Al hacer una revisión del panorama actual, el “indigenismo” (por denominar de alguna manera la aproximación de algunos autores nacionales, criollos, interesados en el problema de los pueblos originarios) es absolutamente relegado. Algo que es incluso más fuerte en un autor de origen indígena quien se adapta al discurso artístico-cultural occidental y debe dejar cualquier mantención de su acervo. Es decir, el sujeto debe autodefinirse desde las lógicas contemporáneas globalizadas: permitir la inclusión de autores que se determinen en nuevas categorías es absolutamente imposible. Pareciera ser que en este tipo de individuos la categoría norma, conductiviza, obligando al otro ser un “ciudadano”. El indígena en los puntos de circulación nacional, ingresa por su exotismo, pero no se le reconoce un lugar dentro de la cultura contemporánea, sino por el contrario, vive en un punto nulo de inclusión fáctica –como si levitara para mantenerlo en un estado inicial histórico. Por lo tanto, mientras existe una oficialidad del discurso, conservador o dignificador de una ideología, los artistas populares o creadores indígenas, son mantenidos en su condición de “otro”. Lo preocupante no es su marginación por parte de un grupo conservador, sino más bien por los “otros” oficiales.
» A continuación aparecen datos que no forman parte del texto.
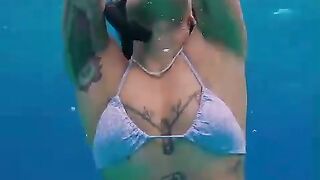 Snorkeling underwater girl sexy shake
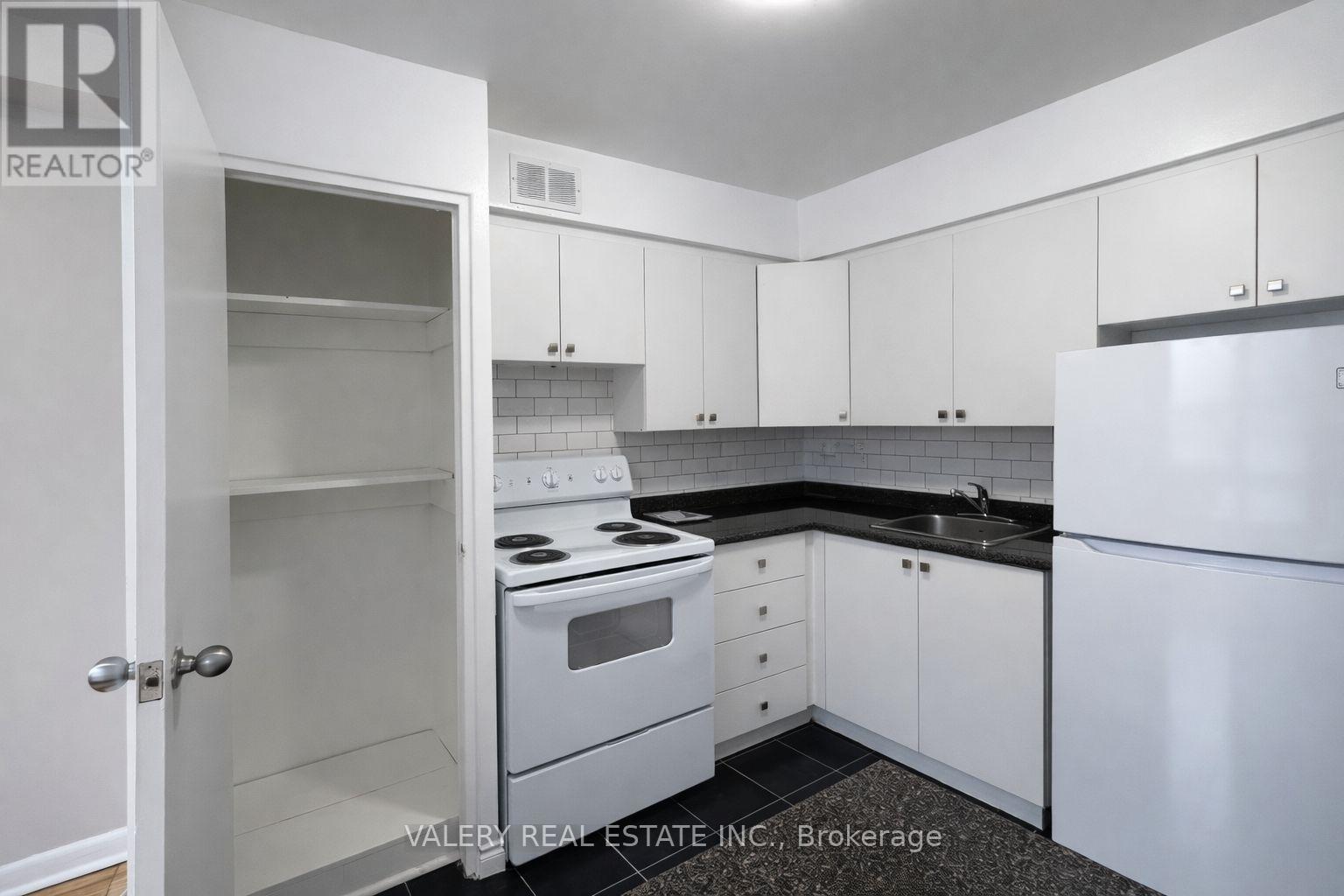 A kitchen with white appliances and cabinets.
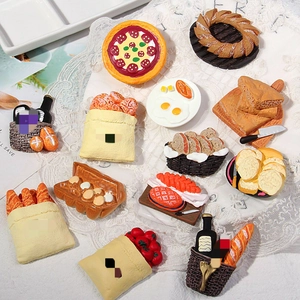 Detailed view of assorted resin bread and pizza food magnets on white lace fabric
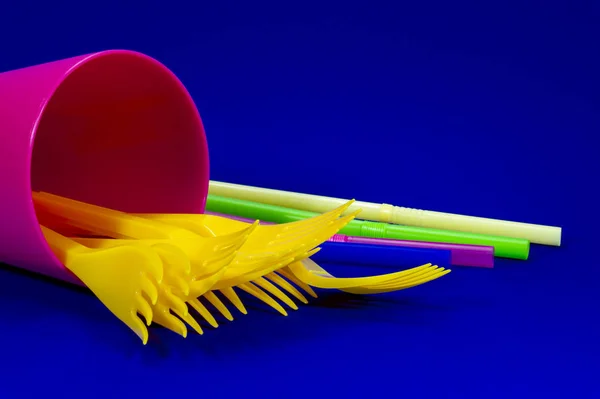 A pile of yellow plastic forks in a plastic pink mug and colored straws on blue background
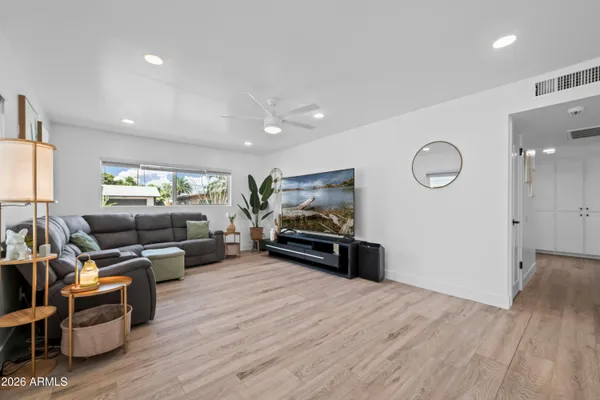 a living room with furniture and a wooden floor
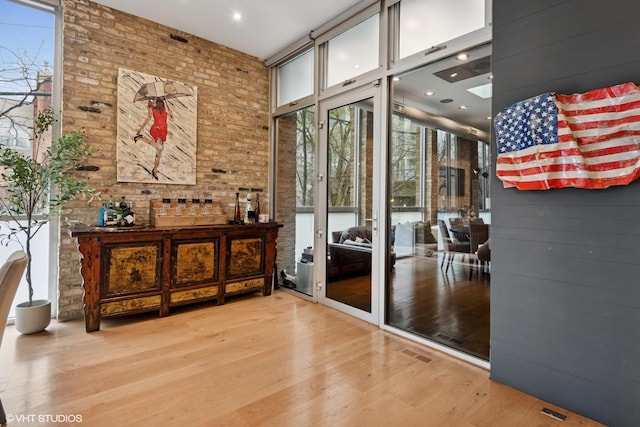 entryway with brick wall, visible vents, plenty of natural light, and wood finished floors
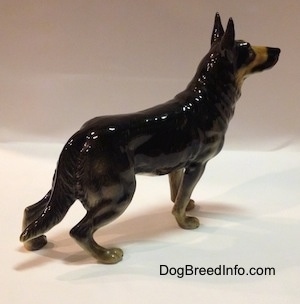 A black with tan figurine of a German Shepherds right side. The figurine has long legs.
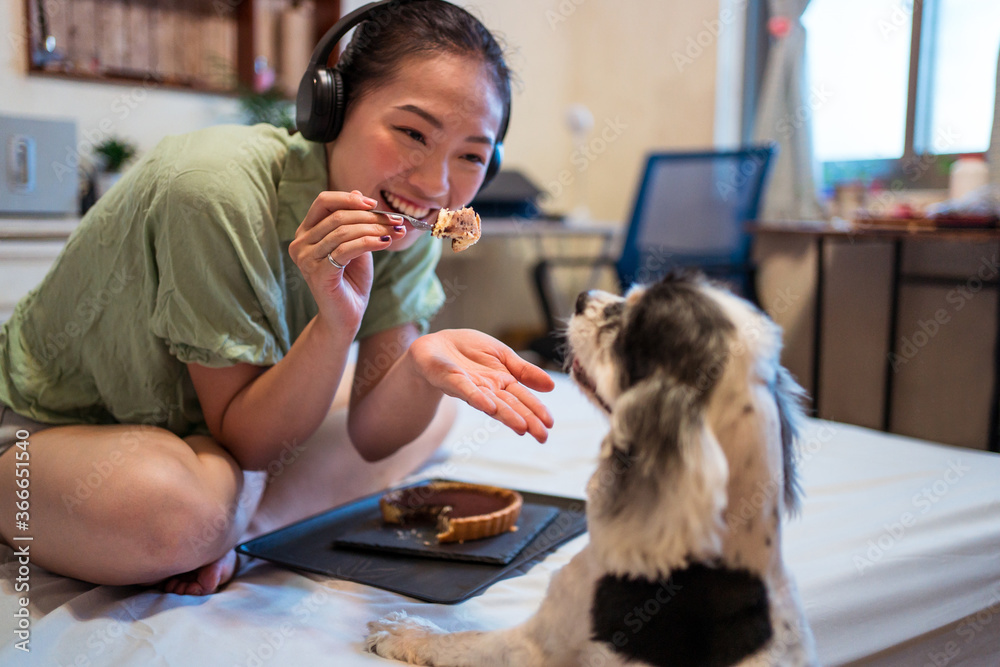 Young pretty Asian woman eating delicious chocolate tart on bed
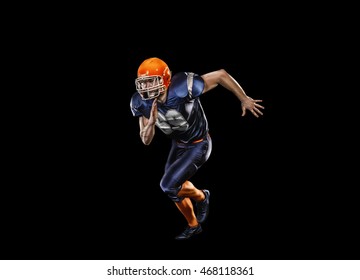 Professional American Football Player In Action Isolated On The Black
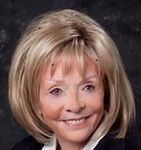 Headshot of Mickie Shea, real estate agent
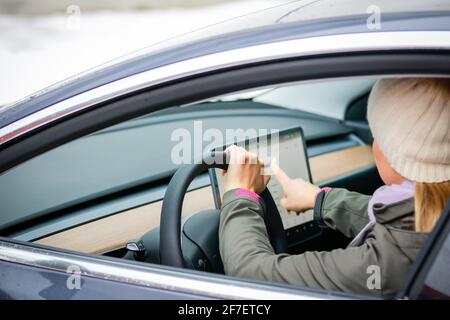 MINSK. WEISSRUSSLAND - JANUAR 2021: Schöne Frau schaut auf einen Laptop eines Elektroautos. Stockfoto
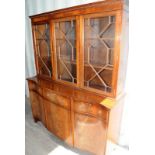 Large break front wall unit comprising three doors glazed unit over unit comprising three drawers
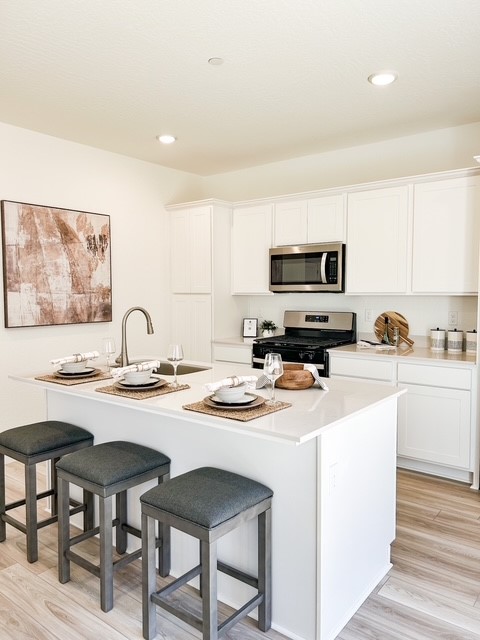 A kitchen with stools and a table.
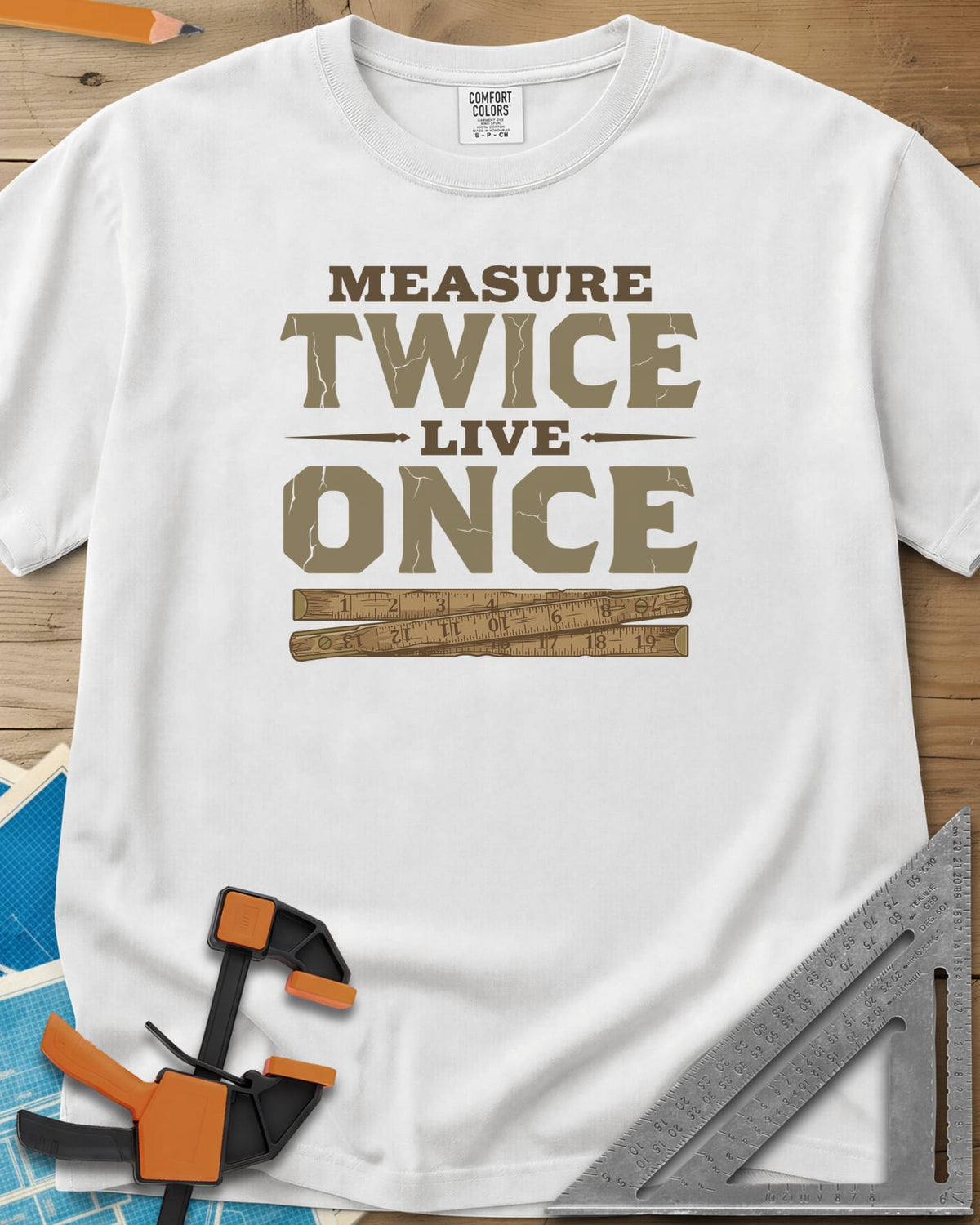 Measure Twice Live Once heavyweight tee in White, cracked block letters above a worn wooden folding rule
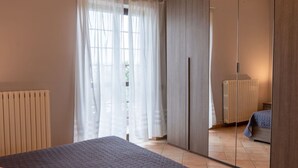 A bedroom with a bed, a wardrobe, a radiator, and a window with curtains. - Lovely apartment in villa for 6 guests with WIFI, pool, TV and terrace (Lake Bolsena)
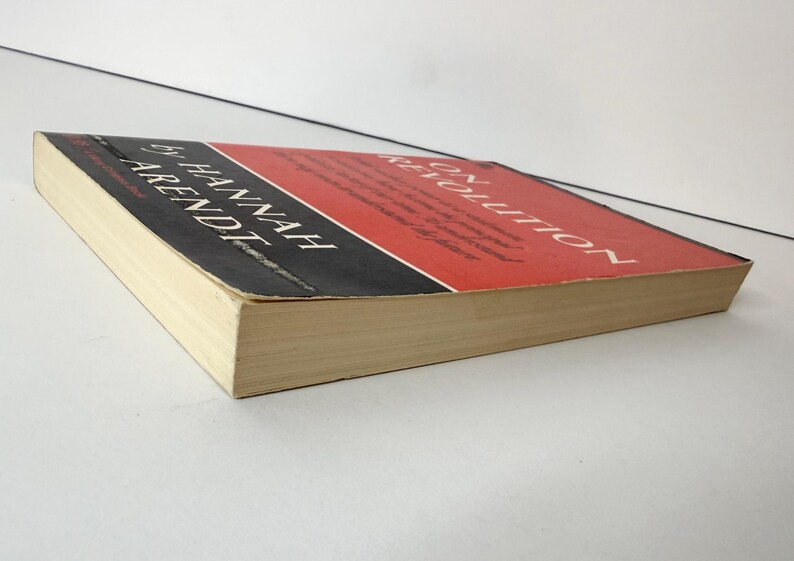 May include: A paperback book titled On Revolution by Hannah Arendt. The cover features a red upper section and a black lower section with white text. The book is positioned at an angle, showing the front cover and the off-white page edges.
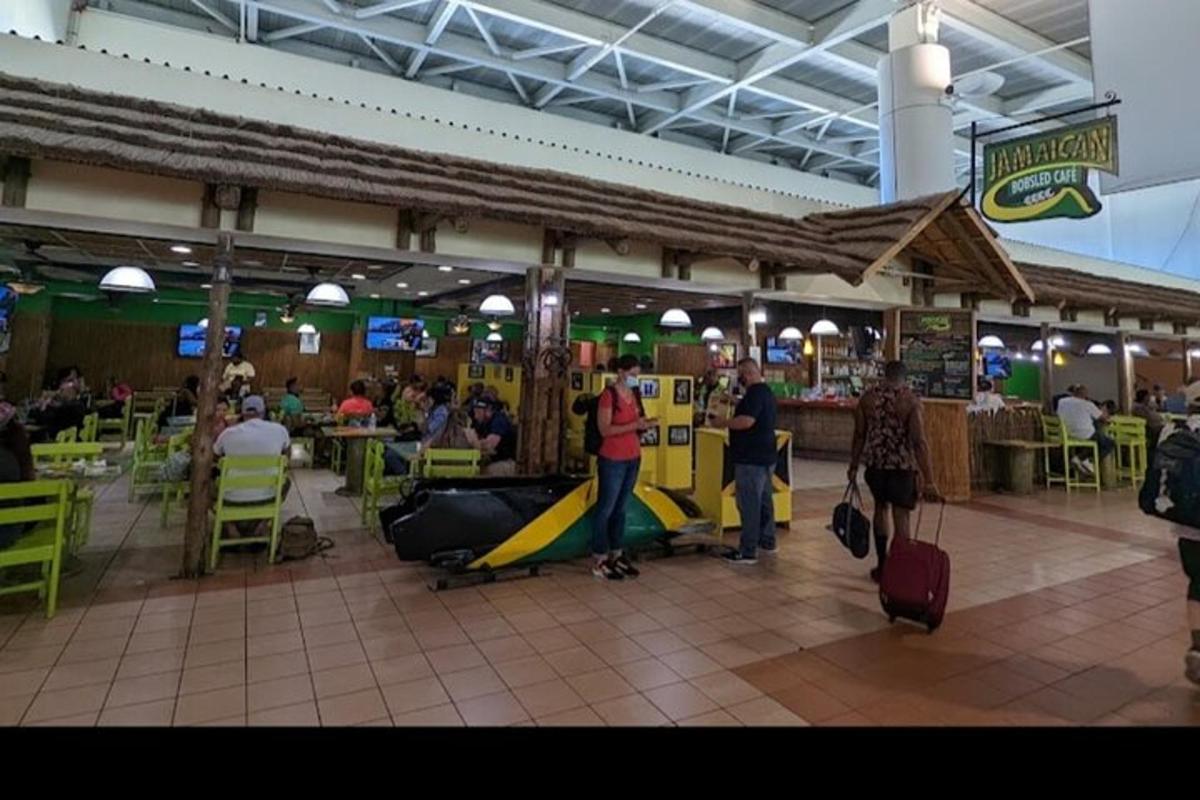 a group of people standing in an airport with luggage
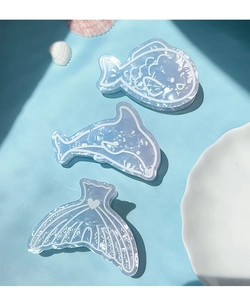 Detail of ocean-themed shark hair clips featuring pearlescent blue dolphin and fish tail designs
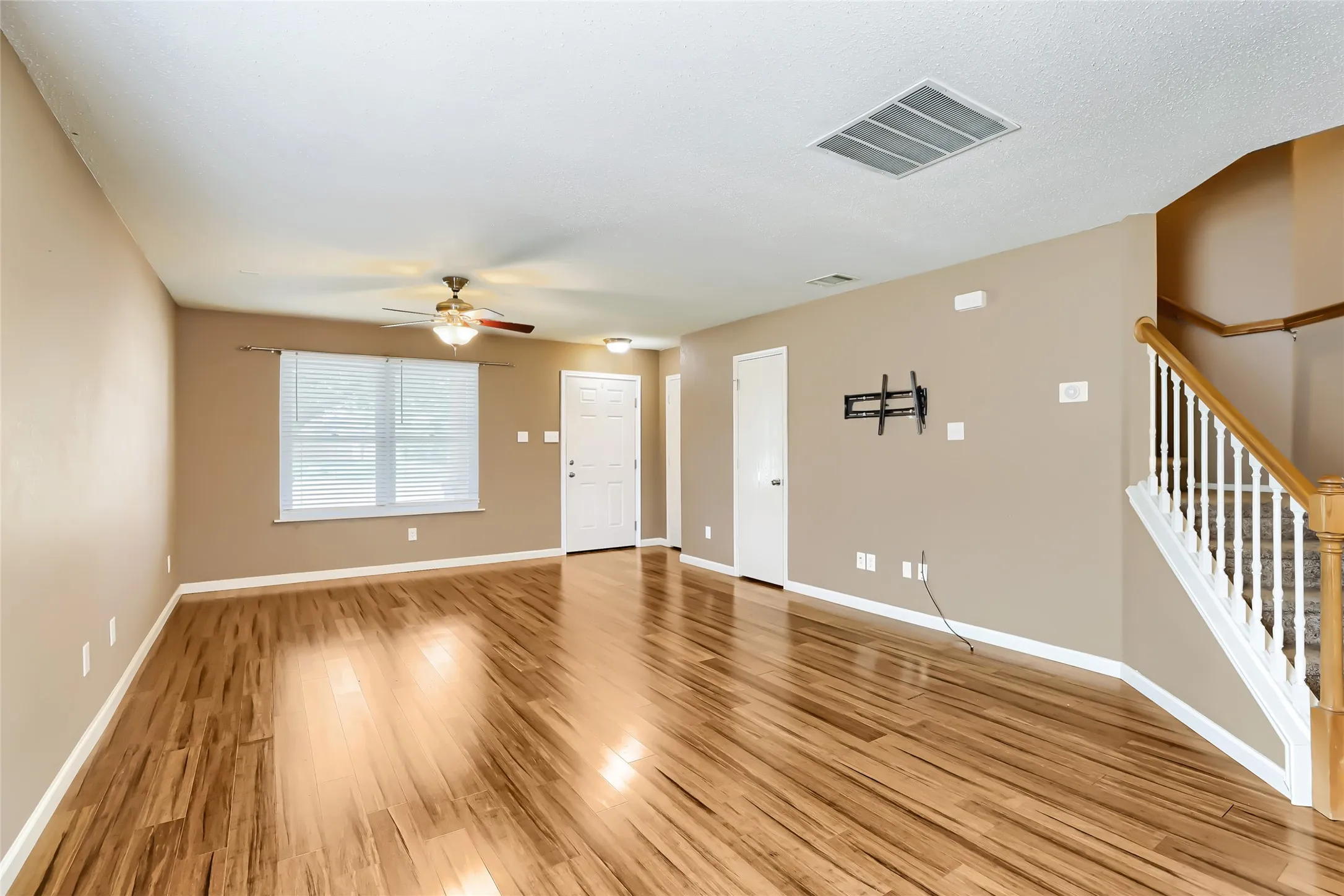 Wood-finish flooring, ceiling fan with integrated lighting, window with blinds, and staircase featuring white balusters with a wood-finish handrail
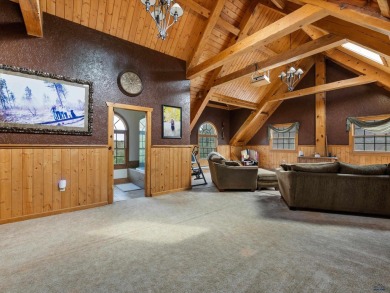 Discover your luxury with this 7-bedroom, 3-bathroom executive on Spearfish Canyon Country Club in South Dakota - for sale on GolfHomes.com, golf home, golf lot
Es interesante constatar que durante un tiempo nuestro país tuvo un progresivo desarrollo de su teoría sobre este tipo de manifestaciones de carácter vernáculo: indigenista o popular. Sin una fetichización del fenómeno, desde 1944, con la creación del Museo de Arte Popular Americano (MAPA) por obra de Tomás Lago (1903-1945), hubo una sistemática investigación sobre estas expresiones visuales. El mismo Lago se transformó en uno de los escritores más interesantes sobre el tema, logrando alcanzar puntos de definición y reflexión interesantes. Sin ahondar en una explicación exhaustiva, él y su círculo –entre los que contamos a Marta Brunet, Pablo Neruda o Delia del Carril– pensaban las artes populares como manifestaciones visuales sin nombre, con el fino desarrollo de manufacturas propias de las localidades, lo que estrictamente no excluía los nuevos medios que podrían aprehender. En estas producciones, las ideas de autor, obra o autenticidad se diluían en expresiones culturales que manifestaban la predominancia de una cultura imbricada y mestiza, desde lo indígena propiamente tal o criollo popular. De estas reflexiones nacieron artistas –o artífices o artesanos, esto realmente no importa– como: Santos Chávez, Héctor Herrera, las tejedoras de Isla Negra o las artesanas de Rari.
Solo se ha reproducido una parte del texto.